◆ **WHAT THE EXERCISE ASKS**: Please quote exactly the lines below from the line containing "soporte de fijación" to the line containing "Mitsubishi ASX Instyle", both lines included, and nothing else.

◆ **PROVIDED DATA**:
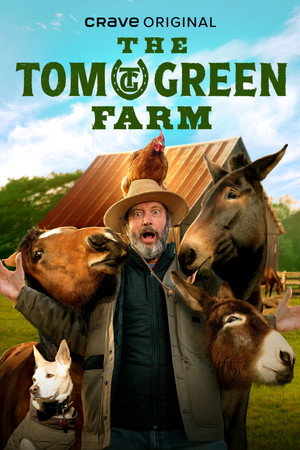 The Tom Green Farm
--
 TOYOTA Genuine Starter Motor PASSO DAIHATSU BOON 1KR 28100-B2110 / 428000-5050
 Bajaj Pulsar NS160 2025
...
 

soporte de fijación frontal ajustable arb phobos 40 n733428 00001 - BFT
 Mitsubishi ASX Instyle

◆ **PROBLEM SOLUTION**:
soporte de fijación frontal ajustable arb phobos 40 n733428 00001 - BFT
 Mitsubishi ASX Instyle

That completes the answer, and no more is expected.